## Work item:
Would you please restate the data exactly as it stands, apart from the pictures?

## Dataset excerpts:
◇ ◇ ◇ ◇ ◇ ◇ ◇

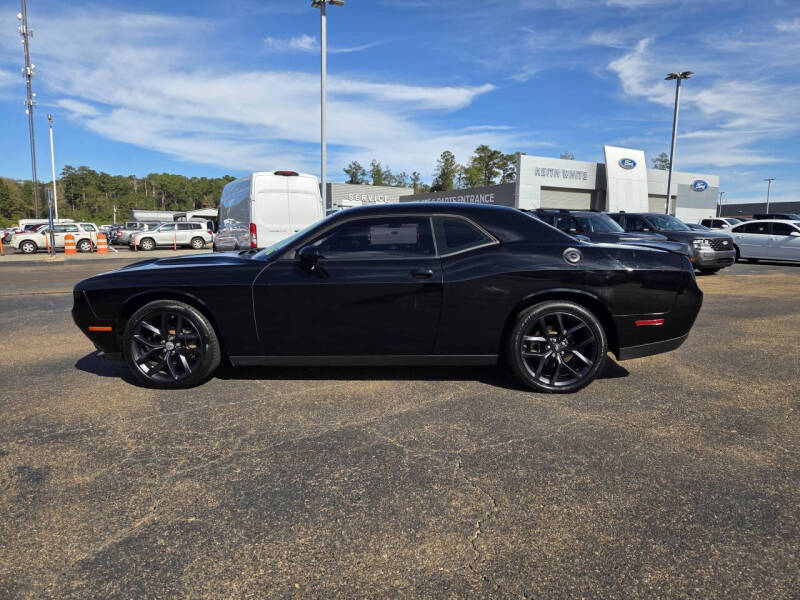 2022 Dodge Challenger SXT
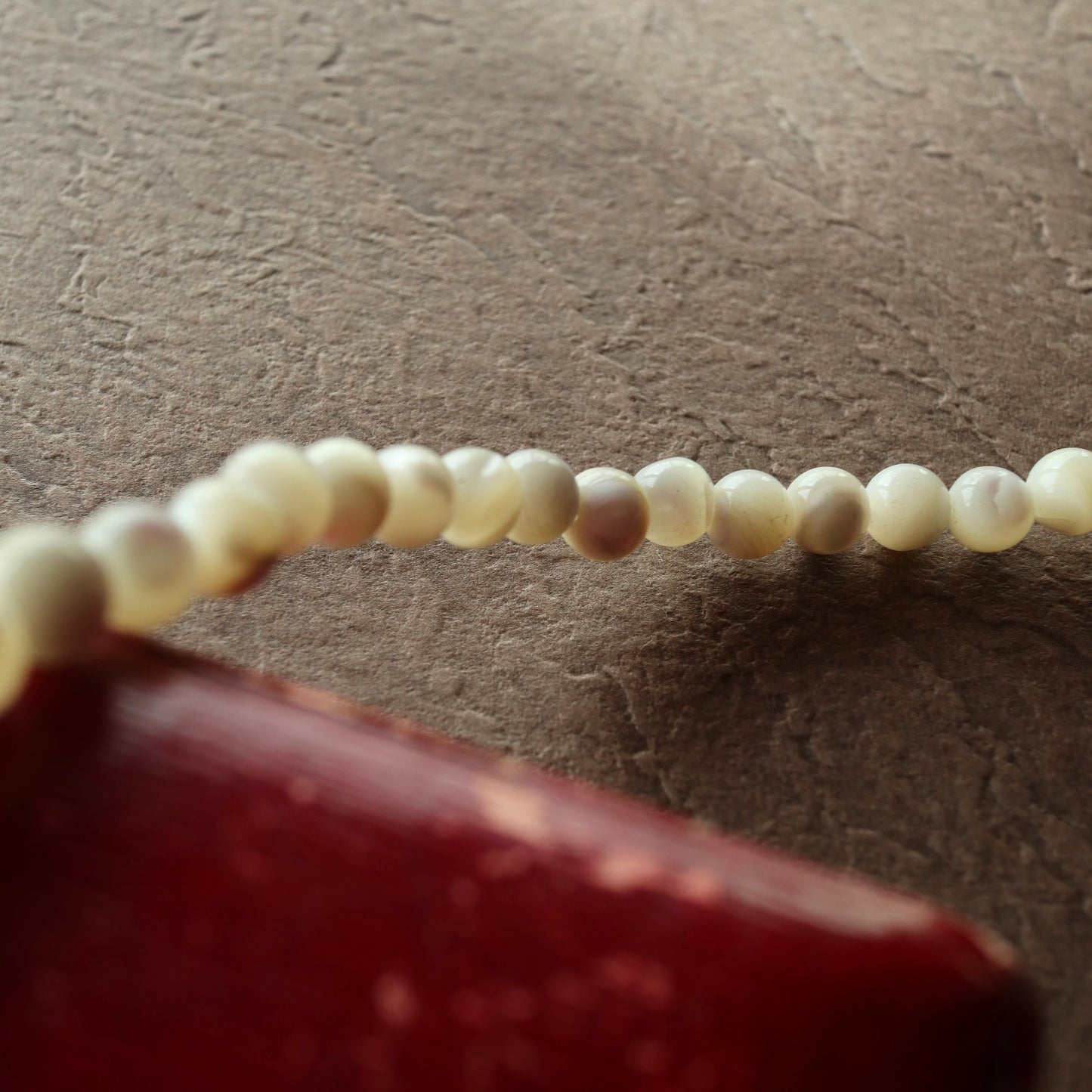 マザーオブパール ブレスレット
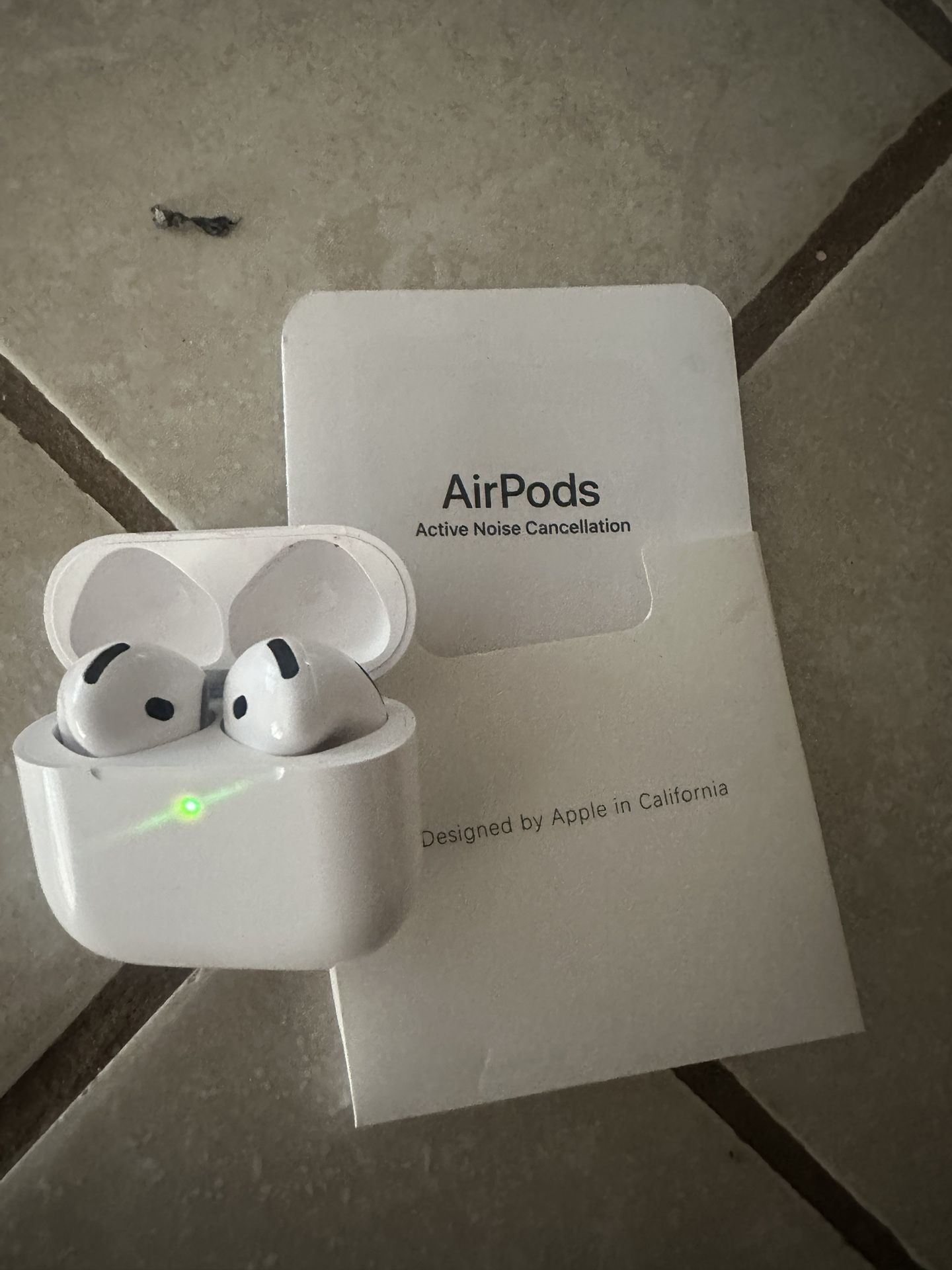 AirPods 4 with ANC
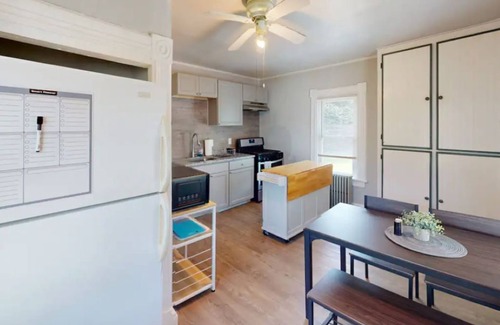Clayton Apartment | Entire Apartment w/private entrance, deck, parking and walkable living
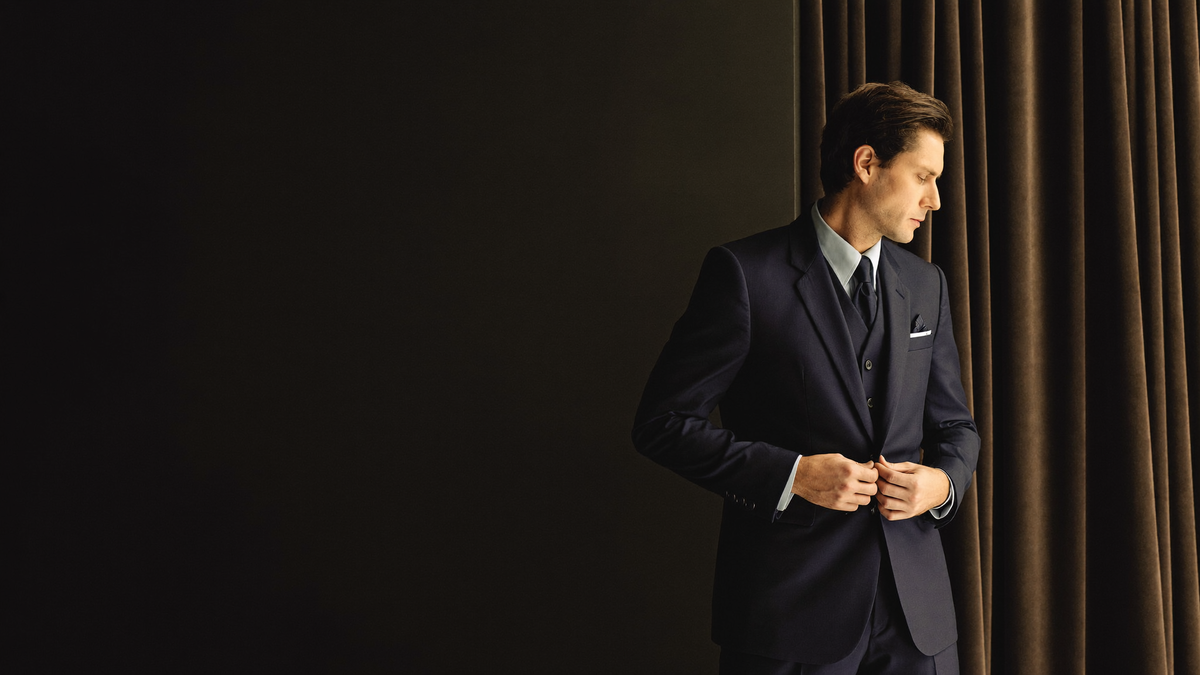 Мъж в тъмносин костюм made-to-measure от Roberto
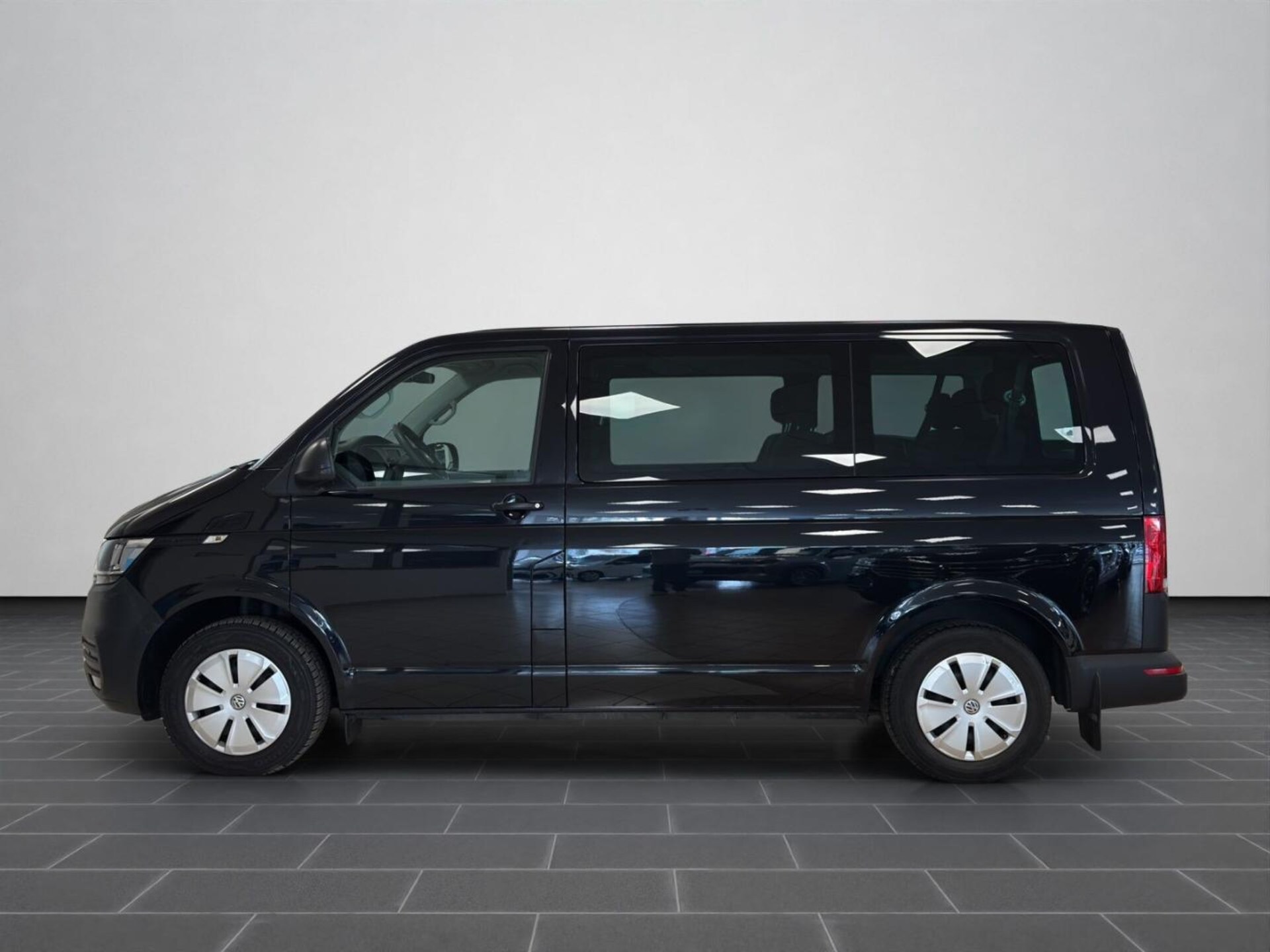 Volkswagen T6.1 Transporter Kombi kurzer Radstand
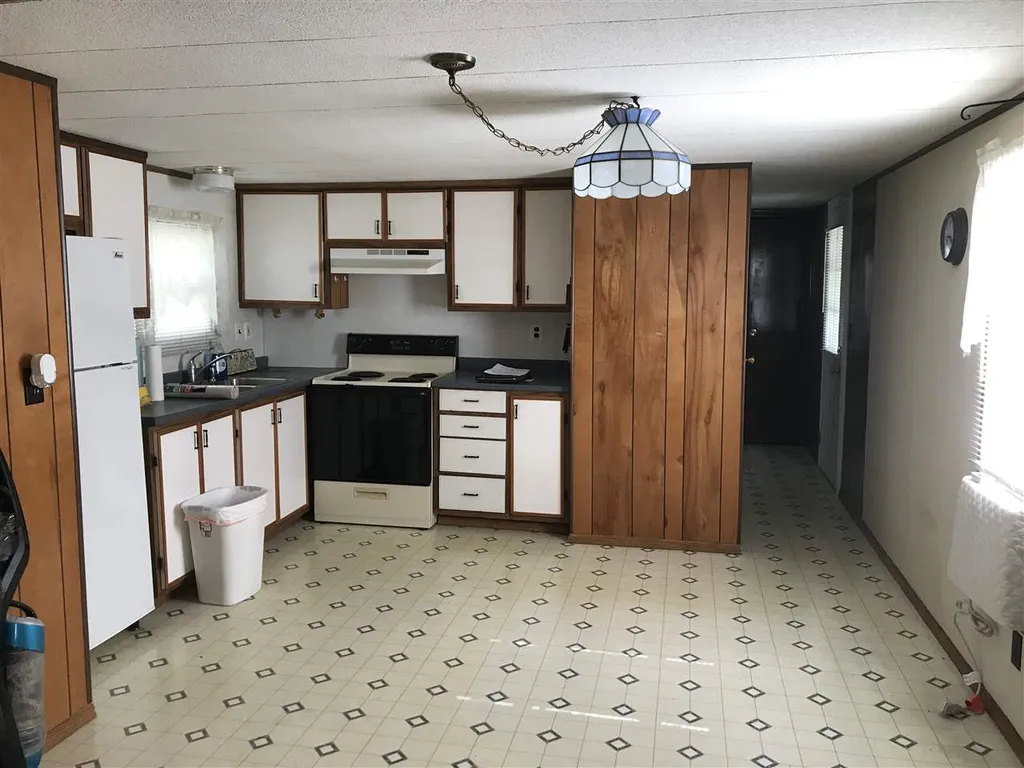 5 Juniper Lane Concord NH 03301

◇ ◇ ◇ ◇ ◇ ◇ ◇

## Exercise output:
 2022 Dodge Challenger SXT
 マザーオブパール ブレスレット
 AirPods 4 with ANC
Clayton Apartment | Entire Apartment w/private entrance, deck, parking and walkable living
 Мъж в тъмносин костюм made-to-measure от Roberto
 Volkswagen T6.1 Transporter Kombi kurzer Radstand
 5 Juniper Lane Concord NH 03301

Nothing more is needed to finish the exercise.